Task: Go to the line below that has "Hanna Andersson Girls", print it and each line after it exactly, and stop after the line that has "Dusty Blue Minimalist"; leave out pictures.

Raw data:
****************************************

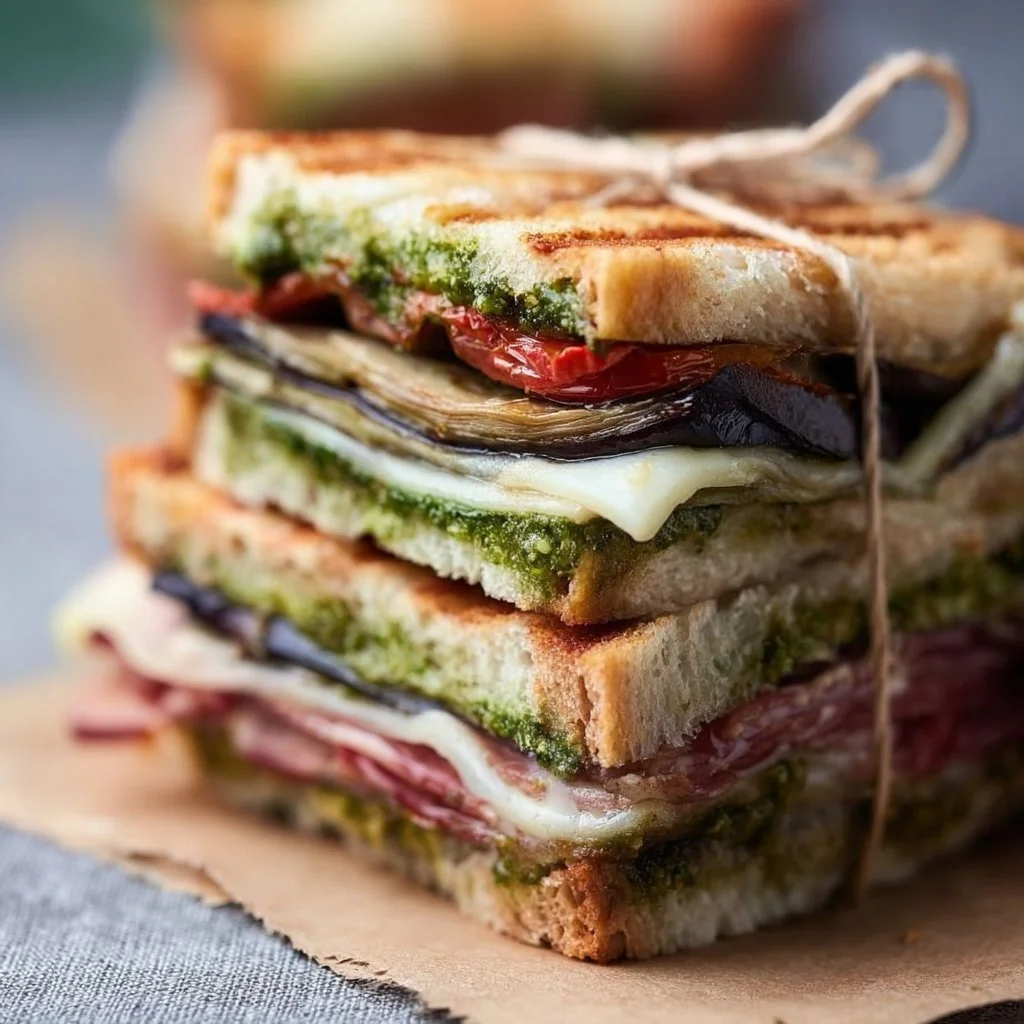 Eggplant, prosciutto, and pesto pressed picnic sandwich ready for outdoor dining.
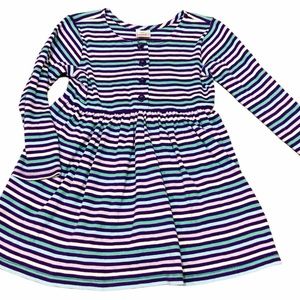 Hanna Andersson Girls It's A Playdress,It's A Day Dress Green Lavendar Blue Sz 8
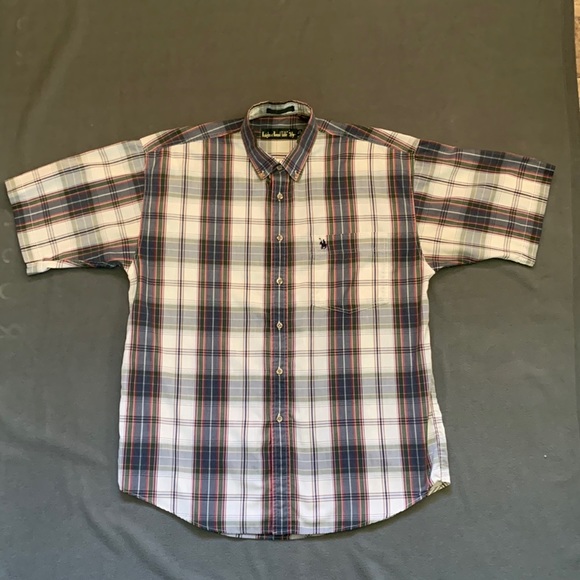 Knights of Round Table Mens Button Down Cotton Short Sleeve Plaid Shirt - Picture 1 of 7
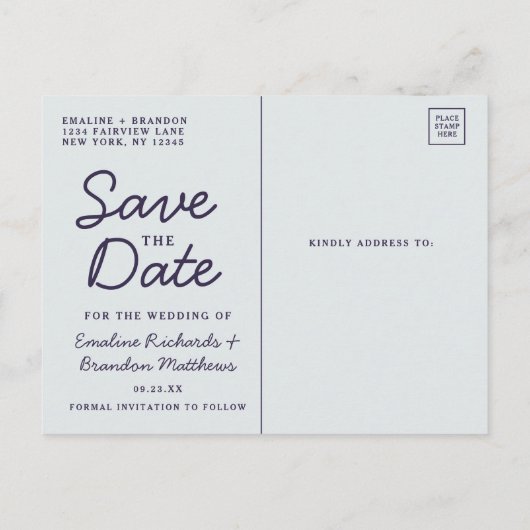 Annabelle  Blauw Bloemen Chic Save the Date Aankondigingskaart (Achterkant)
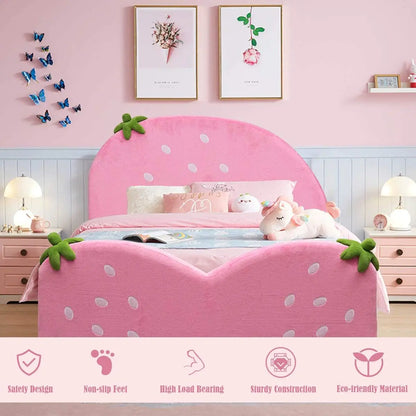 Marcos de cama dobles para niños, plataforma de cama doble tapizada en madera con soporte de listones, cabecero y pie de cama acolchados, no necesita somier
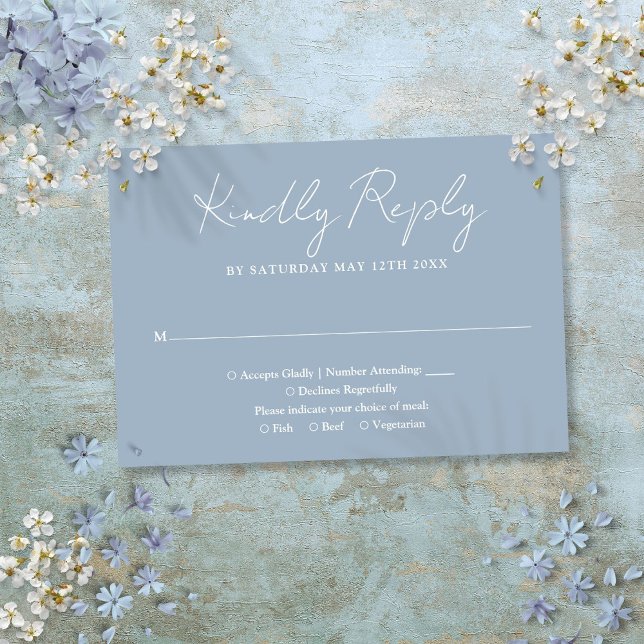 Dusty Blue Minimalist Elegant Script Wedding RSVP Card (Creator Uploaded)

****************************************

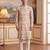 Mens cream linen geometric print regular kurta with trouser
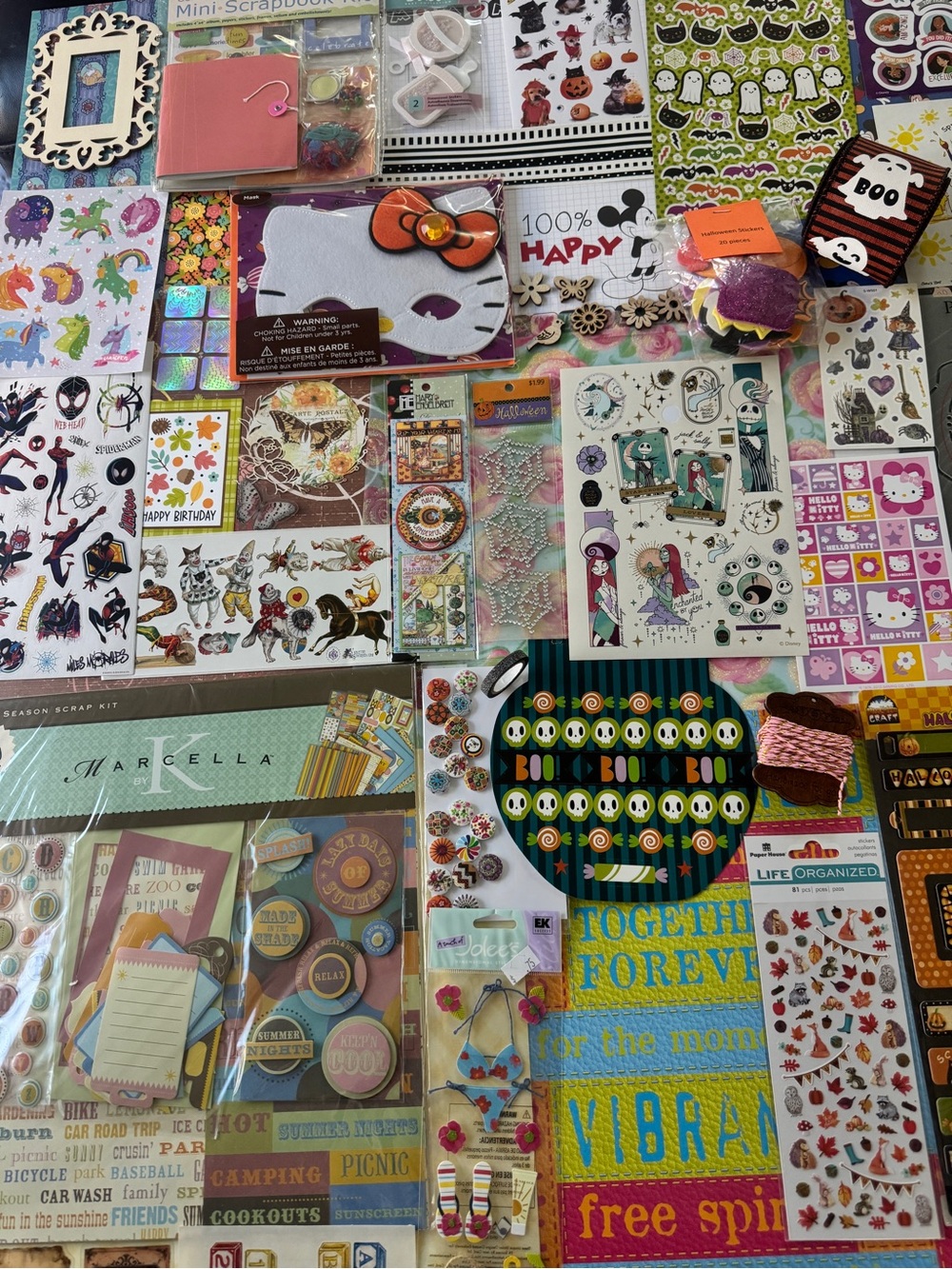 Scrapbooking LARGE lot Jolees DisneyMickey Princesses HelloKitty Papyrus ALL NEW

****************************************

Response area:
 Hanna Andersson Girls It's A Playdress,It's A Day Dress Green Lavendar Blue Sz 8
 Knights of Round Table Mens Button Down Cotton Short Sleeve Plaid Shirt - Picture 1 of 7
 Annabelle  Blauw Bloemen Chic Save the Date Aankondigingskaart (Achterkant)
 Marcos de cama dobles para niños, plataforma de cama doble tapizada en madera con soporte de listones, cabecero y pie de cama acolchados, no necesita somier
 Dusty Blue Minimalist Elegant Script Wedding RSVP Card (Creator Uploaded)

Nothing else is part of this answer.